Friday, April 4, 2014

Front End

I love the word 'ubiquitous.'  I have no idea really why.  I just do.  It is such a good word and sounds so nice and yeah I'm at that point where I am so pleased with a word for some reason.

Finally, I have started the front-end of my IR paper, though I am honestly putting my blinders on and am just writing, because I need to fucking write.  My theory and everything is obviously not going to be very long (and I should not have talked to roommates, one of whom wrote a 10 page front-end claiming that it was not long at all, and the other who wrote 20 pages), and it is really...kind of going to be me pulling shit out of my ass.  I'm really not familiar with this literature, and it appears that what I am looking at is not really asked...which is both good and bad for me.  Good in the sense that no one has really done it before, so it is an original idea.  Bad in the sense that it makes finding sources particularly difficult.  I'm not sure how to even search for things, honestly.  And I'm going to have to start drawing a bunch of lines that probably do not make much sense but I will try I guess.  Despite being really tired and not wanting to do this and still being really fucking unmotivated.

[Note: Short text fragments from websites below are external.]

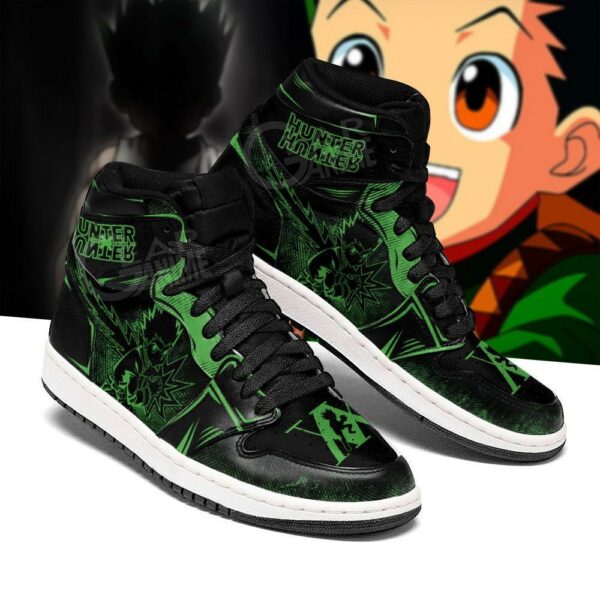 Gon Freecss Hunter X Hunter Sneakers Dark HxH Anime Shoes 2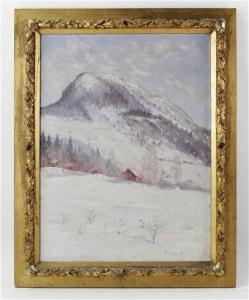 GENBERG Anton 1862-1939,mountain winter view,1913,Kaminski & Co. US 2022-07-17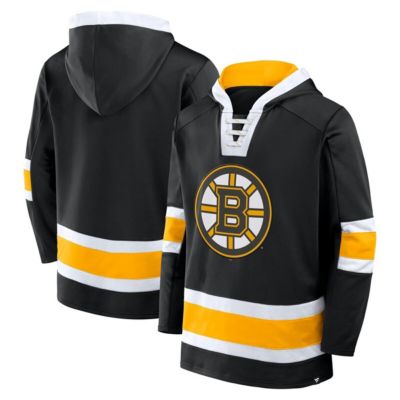 Men's NHL Fanatics Inside Line Fleece Pullover Hoodie, Black, XL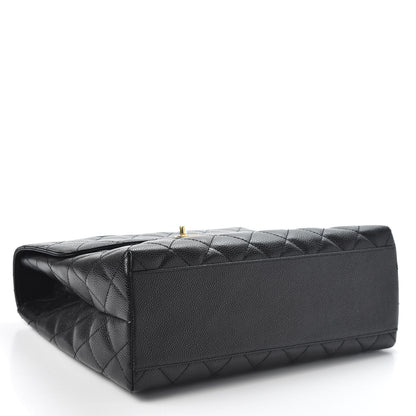 Chanel Caviar Quilted Jumbo Kelly Flap Black 3 of 9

(Side note: Two Door Cinema Club just came on overhead where I am sitting in the hotel and the playlist has been filled with awesome bands and I applaud whoever made this playlist holy shit.  It has really been mostly alternative/indie/rock/etc. and I am so pleased with this.)

As much as I enjoy the fact that I actually do think deductively more than I originally thought, it is kind of a pain in the ass, because then finding data for these random questions can often be really annoying.  And finding pieces to bolster an idea such as this one really isn't much easier.

Bah.

This really is just going to be a bunch of bullshit, I think.  But if I could write it, that would be fantastic.

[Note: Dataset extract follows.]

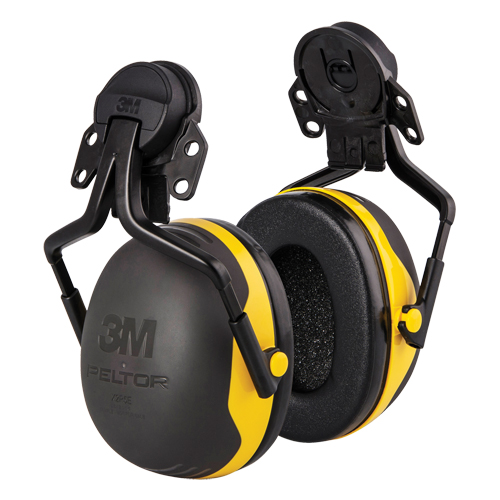 Serres-t&ecirc;te isol&eacute;s &eacute;lectroniquement Peltor, Fixation pour casque, 24 NRR dB Maritime Industrial Rubber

You know, one of the roommates nudged me when we were walking, saying that there won't be many times where I am around a bunch of smart people and a lot of the guys are hot and stuff.  I just kind of laughed and shrugged, with no actual interest in doing anything like that.  Partially because I just do not give a shit right now about most things, and maybe partially because I would rather find a mathematician/computer scientist/engineer type because I am a fucking weirdo.  Or maybe I am just using that as an excuse to not meet people in that sort of way.  But I do like the STEM field people.  Don't ask me why.

...I probably am just making excuses.

Eh, whatever.  It is a working conference anyway.  I shouldn't feel bad for not being interested in mingling for anything other than networking purposes.